[FFmpeg-devel] [PATCH] Fix compilation with llvm-gcc on x86_64

Sun Nov 1 17:45:11 CET 2009

Apparently llvm dislikes +g constraints with int operands.  This uses
a temporary x86_reg variable to avoid that situation.  Using a cast is
is not an option as output operands must be lvalues with llvm.

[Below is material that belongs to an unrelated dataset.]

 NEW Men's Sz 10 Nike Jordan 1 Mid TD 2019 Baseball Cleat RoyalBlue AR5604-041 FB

Note: I have not inspected the generated asm.
---
 libavcodec/x86/dsputil_mmx.c              |   15 ++++++++----
 libavcodec/x86/dsputil_mmx_avg_template.c |   33 +++++++++++++++++++---------
 libavcodec/x86/dsputil_mmx_rnd_template.c |   18 ++++++++++-----
 libavutil/internal.h                      |    2 +-
 4 files changed, 45 insertions(+), 23 deletions(-)

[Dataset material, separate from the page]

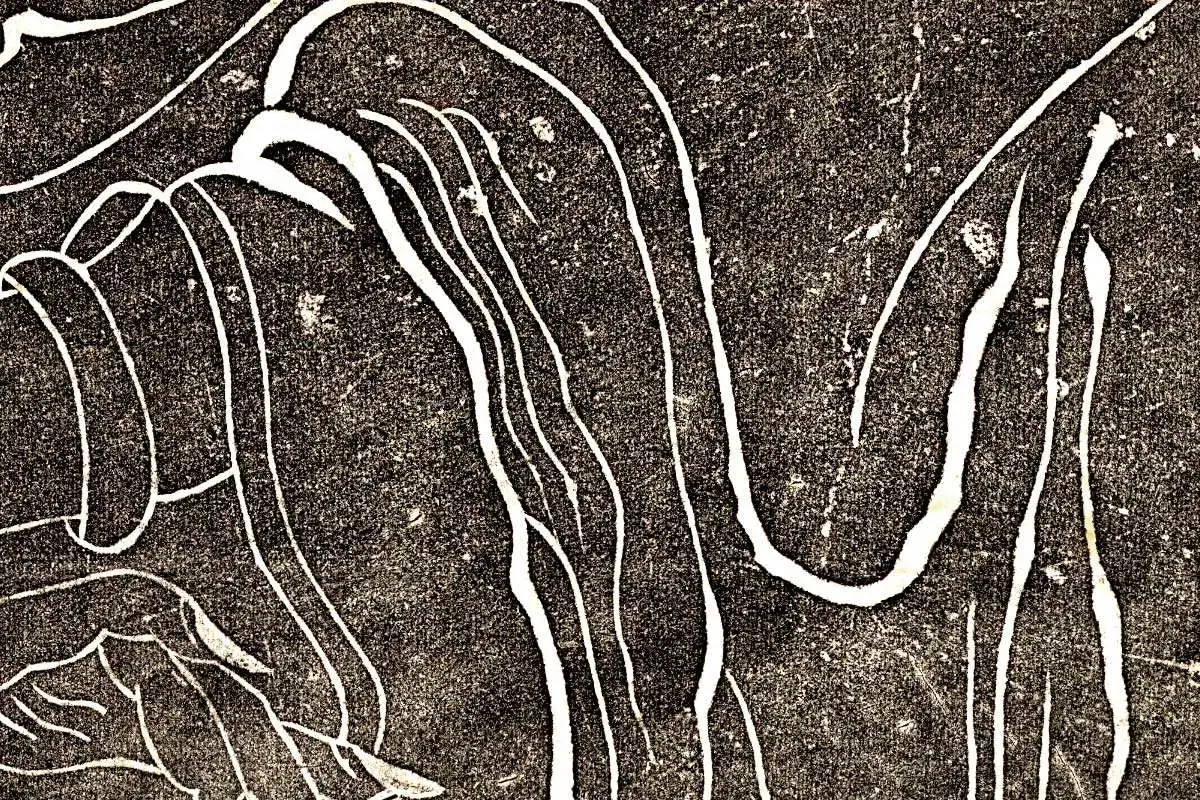 吴道子《观音像》拓片高清大图局部 (5)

diff --git a/libavcodec/x86/dsputil_mmx.c b/libavcodec/x86/dsputil_mmx.c
index af33707..ac83fa7 100644
--- a/libavcodec/x86/dsputil_mmx.c
+++ b/libavcodec/x86/dsputil_mmx.c
@@ -358,6 +358,7 @@ void add_pixels_clamped_mmx(const DCTELEM *block, uint8_t *pixels, int line_size
 
 static void put_pixels4_mmx(uint8_t *block, const uint8_t *pixels, int line_size, int h)
 {
+    x86_reg hr = h;
     __asm__ volatile(
          "lea (%3, %3), %%"REG_a"       \n\t"
          ASMALIGN(3)
@@ -376,7 +377,7 @@ static void put_pixels4_mmx(uint8_t *block, const uint8_t *pixels, int line_size
          "add %%"REG_a", %2             \n\t"

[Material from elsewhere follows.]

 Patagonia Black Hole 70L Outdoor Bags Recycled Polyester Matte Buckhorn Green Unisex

          "subl $4, %0                   \n\t"
          "jnz 1b                        \n\t"
-         : "+g"(h), "+r" (pixels),  "+r" (block)
+         : "+g"(hr), "+r" (pixels),  "+r" (block)
          : "r"((x86_reg)line_size)
          : "%"REG_a, "memory"
         );
@@ -384,6 +385,7 @@ static void put_pixels4_mmx(uint8_t *block, const uint8_t *pixels, int line_size
 
 static void put_pixels8_mmx(uint8_t *block, const uint8_t *pixels, int line_size, int h)
 {
+    x86_reg hr = h;
     __asm__ volatile(
          "lea (%3, %3), %%"REG_a"       \n\t"
          ASMALIGN(3)
@@ -402,7 +404,7 @@ static void put_pixels8_mmx(uint8_t *block, const uint8_t *pixels, int line_size
          "add %%"REG_a", %2             \n\t"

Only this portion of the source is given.